La force du roman tient à son ancrage dans le quotidien. Les scènes au commissariat alternent avec des consultations chez la psychologue, les recherches frénétiques de Cédrick côtoient les silences pesants entre mère et fille. Espalioux ne cherche pas à spectaculariser la tragédie : elle la laisse infuser dans les détails du réel, dans ces moments où l’on regarde son portable au parc, où l’on prépare un repas tout en portant le poids d’un secret, où l’on tente de maintenir une apparence de normalité alors que tout s’effondre. Cette approche confère au récit une dimension universelle qui dépasse largement le cadre du thriller conventionnel.
L’auteure parvient ainsi à créer un espace littéraire singulier où le suspense naît moins de l’identification du ravisseur que de la question lancinante : comment survivre à l’insoutenable ? En choisissant l’intimité comme terrain d’exploration, Espalioux propose une réflexion sur la nature même de la conscience et de ses failles, transformant son roman en une expérience de lecture qui interroge autant qu’elle captive.
Le livre de Jeanne Espalioux à découvrir
La culpabilité comme moteur narratif
Au cœur d’Inconscience, la culpabilité se déploie comme une force centrifuge qui propulse l’intrigue tout en fragmentant les personnages. Angèle incarne cette déchirure : quelques minutes d’inattention, un regard porté sur un écran plutôt que sur sa fille, et c’est toute une existence qui bascule. Espalioux ne se contente pas de poser ce sentiment comme décor psychologique, elle en fait le véritable carburant du récit. Chaque chapitre porte la trace de cette faute initiale, chaque action des personnages s’inscrit dans sa résonance. La romancière explore ainsi comment un simple moment d’inconscience peut dévorer une vie entière, tel un virus qui contaminerait progressivement tous les aspects de l’existence.
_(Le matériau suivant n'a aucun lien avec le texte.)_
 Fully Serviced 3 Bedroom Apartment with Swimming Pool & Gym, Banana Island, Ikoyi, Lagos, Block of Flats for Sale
Ce qui frappe dans le traitement de cette thématique, c’est la multiplication des niveaux de culpabilité qui s’entrecroisent. Clara se reproche son absence au parc ce jour-là, mais aussi des décennies de distance émotionnelle avec sa fille. Cédrick porte le poids de sa violence incontrôlable face au ravisseur. Même les personnages secondaires semblent pris dans cette toile de responsabilités enchevêtrées. L’auteure construit ainsi un système de culpabilités en miroir où chacun se demande quelle part il a prise dans la catastrophe, créant une polyphonie de remords et de regrets qui enrichit considérablement la texture narrative.
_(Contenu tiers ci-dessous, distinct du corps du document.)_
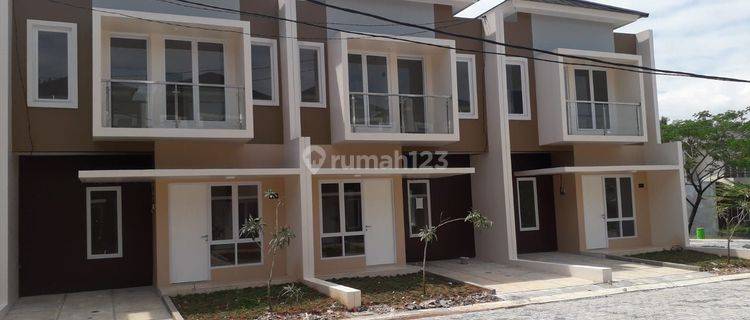 Rumah 2 lantai siap huni lokasi strategis nyaman dan damai  1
Espalioux évite néanmoins l’écueil du pathos en refusant de complaire dans la victimisation de ses personnages. Les séances de psychothérapie d’Angèle, loin d’être de simples passages explicatifs, deviennent des espaces où s’élabore une réflexion nuancée sur la notion de responsabilité. La distinction entre culpabilité et responsabilité, entre ce qui relève du contrôle individuel et ce qui appartient au hasard tragique, traverse tout le roman sans jamais être résolue de façon simpliste. Cette ambiguïté maintenue confère au récit une profondeur qui résiste aux interprétations univoques.
L’originalité du propos réside également dans la façon dont la culpabilité devient paradoxalement un lien. Elle rapproche Angèle et Clara, elle soude le couple malgré l’incarcération, elle transforme les relations familiales. En faisant de ce sentiment dévastateur non seulement un obstacle mais aussi un vecteur de connexion humaine, Espalioux démontre une compréhension fine des mécanismes psychologiques et propose une vision complexe de la reconstruction après le traumatisme.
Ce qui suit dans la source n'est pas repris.